To do >> Retype all of the data exactly as given.

Data in this exercise >>
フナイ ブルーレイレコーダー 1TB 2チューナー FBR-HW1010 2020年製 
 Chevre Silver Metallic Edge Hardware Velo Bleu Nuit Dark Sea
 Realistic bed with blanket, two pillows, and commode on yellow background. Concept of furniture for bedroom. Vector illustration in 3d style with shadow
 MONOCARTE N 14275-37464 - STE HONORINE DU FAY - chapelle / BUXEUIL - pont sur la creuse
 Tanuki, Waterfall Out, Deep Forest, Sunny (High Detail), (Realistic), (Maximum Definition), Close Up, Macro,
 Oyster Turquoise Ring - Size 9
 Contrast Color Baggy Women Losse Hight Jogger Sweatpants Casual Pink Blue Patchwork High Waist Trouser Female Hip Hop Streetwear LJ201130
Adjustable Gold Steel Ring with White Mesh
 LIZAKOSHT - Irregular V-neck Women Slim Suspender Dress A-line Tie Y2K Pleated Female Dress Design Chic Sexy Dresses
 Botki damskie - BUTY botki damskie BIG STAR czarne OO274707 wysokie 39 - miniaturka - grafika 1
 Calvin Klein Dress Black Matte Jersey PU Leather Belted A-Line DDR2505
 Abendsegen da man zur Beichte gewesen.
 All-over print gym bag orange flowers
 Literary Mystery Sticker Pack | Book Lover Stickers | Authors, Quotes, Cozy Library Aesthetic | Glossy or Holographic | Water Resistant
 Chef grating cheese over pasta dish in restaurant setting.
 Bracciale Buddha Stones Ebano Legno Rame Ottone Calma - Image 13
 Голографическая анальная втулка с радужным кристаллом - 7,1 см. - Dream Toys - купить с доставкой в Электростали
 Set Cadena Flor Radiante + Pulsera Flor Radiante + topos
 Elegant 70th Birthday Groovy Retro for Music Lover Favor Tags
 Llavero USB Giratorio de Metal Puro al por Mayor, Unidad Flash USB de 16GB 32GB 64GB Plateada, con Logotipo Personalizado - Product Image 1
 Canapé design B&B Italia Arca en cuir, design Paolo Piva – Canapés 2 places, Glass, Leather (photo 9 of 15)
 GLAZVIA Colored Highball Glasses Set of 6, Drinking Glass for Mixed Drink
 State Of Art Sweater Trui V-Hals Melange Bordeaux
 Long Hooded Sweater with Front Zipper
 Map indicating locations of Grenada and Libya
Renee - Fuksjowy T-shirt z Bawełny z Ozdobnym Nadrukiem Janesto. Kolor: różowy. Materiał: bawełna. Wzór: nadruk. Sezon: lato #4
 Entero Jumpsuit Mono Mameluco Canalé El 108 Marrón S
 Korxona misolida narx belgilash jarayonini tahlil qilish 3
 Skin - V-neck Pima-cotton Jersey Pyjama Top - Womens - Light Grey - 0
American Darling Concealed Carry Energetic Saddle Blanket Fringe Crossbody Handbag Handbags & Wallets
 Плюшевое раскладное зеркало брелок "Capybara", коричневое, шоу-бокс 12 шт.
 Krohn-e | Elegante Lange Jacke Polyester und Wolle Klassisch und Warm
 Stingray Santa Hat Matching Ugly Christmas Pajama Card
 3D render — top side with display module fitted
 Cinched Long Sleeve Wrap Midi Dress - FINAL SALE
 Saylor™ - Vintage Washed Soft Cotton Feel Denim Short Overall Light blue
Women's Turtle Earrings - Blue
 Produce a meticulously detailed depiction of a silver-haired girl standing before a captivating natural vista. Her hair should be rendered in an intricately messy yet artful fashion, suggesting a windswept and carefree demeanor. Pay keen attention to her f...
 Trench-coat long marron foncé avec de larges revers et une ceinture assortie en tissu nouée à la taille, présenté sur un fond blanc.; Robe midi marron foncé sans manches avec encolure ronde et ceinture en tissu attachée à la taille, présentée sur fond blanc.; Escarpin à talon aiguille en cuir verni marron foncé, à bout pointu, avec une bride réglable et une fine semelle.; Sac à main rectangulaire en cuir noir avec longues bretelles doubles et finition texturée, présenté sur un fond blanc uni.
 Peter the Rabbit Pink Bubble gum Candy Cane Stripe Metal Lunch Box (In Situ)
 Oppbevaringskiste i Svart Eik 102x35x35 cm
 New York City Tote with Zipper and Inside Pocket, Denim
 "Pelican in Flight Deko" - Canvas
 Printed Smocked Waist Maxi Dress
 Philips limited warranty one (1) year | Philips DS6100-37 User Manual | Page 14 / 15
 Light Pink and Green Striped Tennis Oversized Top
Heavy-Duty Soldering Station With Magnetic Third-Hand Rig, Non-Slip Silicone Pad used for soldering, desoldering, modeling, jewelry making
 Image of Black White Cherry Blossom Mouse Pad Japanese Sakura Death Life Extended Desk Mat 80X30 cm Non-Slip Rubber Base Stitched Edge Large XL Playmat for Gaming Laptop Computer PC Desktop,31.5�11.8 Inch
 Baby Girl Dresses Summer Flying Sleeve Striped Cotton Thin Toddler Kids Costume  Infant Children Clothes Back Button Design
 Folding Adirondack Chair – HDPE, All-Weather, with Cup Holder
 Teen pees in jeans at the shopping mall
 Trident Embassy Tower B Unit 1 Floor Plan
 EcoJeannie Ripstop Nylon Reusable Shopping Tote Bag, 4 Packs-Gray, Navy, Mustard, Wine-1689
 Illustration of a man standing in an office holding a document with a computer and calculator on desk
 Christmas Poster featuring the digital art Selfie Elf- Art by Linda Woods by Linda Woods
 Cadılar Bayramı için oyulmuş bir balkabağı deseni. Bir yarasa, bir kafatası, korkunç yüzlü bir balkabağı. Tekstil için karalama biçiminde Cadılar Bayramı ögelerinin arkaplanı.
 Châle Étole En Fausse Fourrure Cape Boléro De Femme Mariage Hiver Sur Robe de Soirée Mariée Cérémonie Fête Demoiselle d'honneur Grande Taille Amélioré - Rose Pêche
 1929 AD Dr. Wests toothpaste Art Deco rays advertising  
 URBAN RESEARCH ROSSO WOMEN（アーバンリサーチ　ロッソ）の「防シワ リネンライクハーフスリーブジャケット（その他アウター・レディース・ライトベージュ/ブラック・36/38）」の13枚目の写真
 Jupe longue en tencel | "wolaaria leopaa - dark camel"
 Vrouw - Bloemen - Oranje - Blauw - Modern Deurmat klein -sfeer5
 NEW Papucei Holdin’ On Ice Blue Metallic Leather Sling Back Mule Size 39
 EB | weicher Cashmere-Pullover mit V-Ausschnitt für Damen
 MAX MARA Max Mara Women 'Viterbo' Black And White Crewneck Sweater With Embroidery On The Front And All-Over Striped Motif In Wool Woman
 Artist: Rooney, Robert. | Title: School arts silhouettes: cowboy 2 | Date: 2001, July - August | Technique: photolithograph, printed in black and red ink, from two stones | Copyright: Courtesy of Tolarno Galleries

Written answer >>
フナイ ブルーレイレコーダー 1TB 2チューナー FBR-HW1010 2020年製 
 Chevre Silver Metallic Edge Hardware Velo Bleu Nuit Dark Sea
 Realistic bed with blanket, two pillows, and commode on yellow background. Concept of furniture for bedroom. Vector illustration in 3d style with shadow
 MONOCARTE N 14275-37464 - STE HONORINE DU FAY - chapelle / BUXEUIL - pont sur la creuse
 Tanuki, Waterfall Out, Deep Forest, Sunny (High Detail), (Realistic), (Maximum Definition), Close Up, Macro,
 Oyster Turquoise Ring - Size 9
 Contrast Color Baggy Women Losse Hight Jogger Sweatpants Casual Pink Blue Patchwork High Waist Trouser Female Hip Hop Streetwear LJ201130
Adjustable Gold Steel Ring with White Mesh
 LIZAKOSHT - Irregular V-neck Women Slim Suspender Dress A-line Tie Y2K Pleated Female Dress Design Chic Sexy Dresses
 Botki damskie - BUTY botki damskie BIG STAR czarne OO274707 wysokie 39 - miniaturka - grafika 1
 Calvin Klein Dress Black Matte Jersey PU Leather Belted A-Line DDR2505
 Abendsegen da man zur Beichte gewesen.
 All-over print gym bag orange flowers
 Literary Mystery Sticker Pack | Book Lover Stickers | Authors, Quotes, Cozy Library Aesthetic | Glossy or Holographic | Water Resistant
 Chef grating cheese over pasta dish in restaurant setting.
 Bracciale Buddha Stones Ebano Legno Rame Ottone Calma - Image 13
 Голографическая анальная втулка с радужным кристаллом - 7,1 см. - Dream Toys - купить с доставкой в Электростали
 Set Cadena Flor Radiante + Pulsera Flor Radiante + topos
 Elegant 70th Birthday Groovy Retro for Music Lover Favor Tags
 Llavero USB Giratorio de Metal Puro al por Mayor, Unidad Flash USB de 16GB 32GB 64GB Plateada, con Logotipo Personalizado - Product Image 1
 Canapé design B&B Italia Arca en cuir, design Paolo Piva – Canapés 2 places, Glass, Leather (photo 9 of 15)
 GLAZVIA Colored Highball Glasses Set of 6, Drinking Glass for Mixed Drink
 State Of Art Sweater Trui V-Hals Melange Bordeaux
 Long Hooded Sweater with Front Zipper
 Map indicating locations of Grenada and Libya
Renee - Fuksjowy T-shirt z Bawełny z Ozdobnym Nadrukiem Janesto. Kolor: różowy. Materiał: bawełna. Wzór: nadruk. Sezon: lato #4
 Entero Jumpsuit Mono Mameluco Canalé El 108 Marrón S
 Korxona misolida narx belgilash jarayonini tahlil qilish 3
 Skin - V-neck Pima-cotton Jersey Pyjama Top - Womens - Light Grey - 0
American Darling Concealed Carry Energetic Saddle Blanket Fringe Crossbody Handbag Handbags & Wallets
 Плюшевое раскладное зеркало брелок "Capybara", коричневое, шоу-бокс 12 шт.
 Krohn-e | Elegante Lange Jacke Polyester und Wolle Klassisch und Warm
 Stingray Santa Hat Matching Ugly Christmas Pajama Card
 3D render — top side with display module fitted
 Cinched Long Sleeve Wrap Midi Dress - FINAL SALE
 Saylor™ - Vintage Washed Soft Cotton Feel Denim Short Overall Light blue
Women's Turtle Earrings - Blue
 Produce a meticulously detailed depiction of a silver-haired girl standing before a captivating natural vista. Her hair should be rendered in an intricately messy yet artful fashion, suggesting a windswept and carefree demeanor. Pay keen attention to her f...
 Trench-coat long marron foncé avec de larges revers et une ceinture assortie en tissu nouée à la taille, présenté sur un fond blanc.; Robe midi marron foncé sans manches avec encolure ronde et ceinture en tissu attachée à la taille, présentée sur fond blanc.; Escarpin à talon aiguille en cuir verni marron foncé, à bout pointu, avec une bride réglable et une fine semelle.; Sac à main rectangulaire en cuir noir avec longues bretelles doubles et finition texturée, présenté sur un fond blanc uni.
 Peter the Rabbit Pink Bubble gum Candy Cane Stripe Metal Lunch Box (In Situ)
 Oppbevaringskiste i Svart Eik 102x35x35 cm
 New York City Tote with Zipper and Inside Pocket, Denim
 "Pelican in Flight Deko" - Canvas
 Printed Smocked Waist Maxi Dress
 Philips limited warranty one (1) year | Philips DS6100-37 User Manual | Page 14 / 15
 Light Pink and Green Striped Tennis Oversized Top
Heavy-Duty Soldering Station With Magnetic Third-Hand Rig, Non-Slip Silicone Pad used for soldering, desoldering, modeling, jewelry making
 Image of Black White Cherry Blossom Mouse Pad Japanese Sakura Death Life Extended Desk Mat 80X30 cm Non-Slip Rubber Base Stitched Edge Large XL Playmat for Gaming Laptop Computer PC Desktop,31.5�11.8 Inch
 Baby Girl Dresses Summer Flying Sleeve Striped Cotton Thin Toddler Kids Costume  Infant Children Clothes Back Button Design
 Folding Adirondack Chair – HDPE, All-Weather, with Cup Holder
 Teen pees in jeans at the shopping mall
 Trident Embassy Tower B Unit 1 Floor Plan
 EcoJeannie Ripstop Nylon Reusable Shopping Tote Bag, 4 Packs-Gray, Navy, Mustard, Wine-1689
 Illustration of a man standing in an office holding a document with a computer and calculator on desk
 Christmas Poster featuring the digital art Selfie Elf- Art by Linda Woods by Linda Woods
 Cadılar Bayramı için oyulmuş bir balkabağı deseni. Bir yarasa, bir kafatası, korkunç yüzlü bir balkabağı. Tekstil için karalama biçiminde Cadılar Bayramı ögelerinin arkaplanı.
 Châle Étole En Fausse Fourrure Cape Boléro De Femme Mariage Hiver Sur Robe de Soirée Mariée Cérémonie Fête Demoiselle d'honneur Grande Taille Amélioré - Rose Pêche
 1929 AD Dr. Wests toothpaste Art Deco rays advertising  
 URBAN RESEARCH ROSSO WOMEN（アーバンリサーチ　ロッソ）の「防シワ リネンライクハーフスリーブジャケット（その他アウター・レディース・ライトベージュ/ブラック・36/38）」の13枚目の写真
 Jupe longue en tencel | "wolaaria leopaa - dark camel"
 Vrouw - Bloemen - Oranje - Blauw - Modern Deurmat klein -sfeer5
 NEW Papucei Holdin’ On Ice Blue Metallic Leather Sling Back Mule Size 39
 EB | weicher Cashmere-Pullover mit V-Ausschnitt für Damen
 MAX MARA Max Mara Women 'Viterbo' Black And White Crewneck Sweater With Embroidery On The Front And All-Over Striped Motif In Wool Woman
 Artist: Rooney, Robert. | Title: School arts silhouettes: cowboy 2 | Date: 2001, July - August | Technique: photolithograph, printed in black and red ink, from two stones | Copyright: Courtesy of Tolarno Galleries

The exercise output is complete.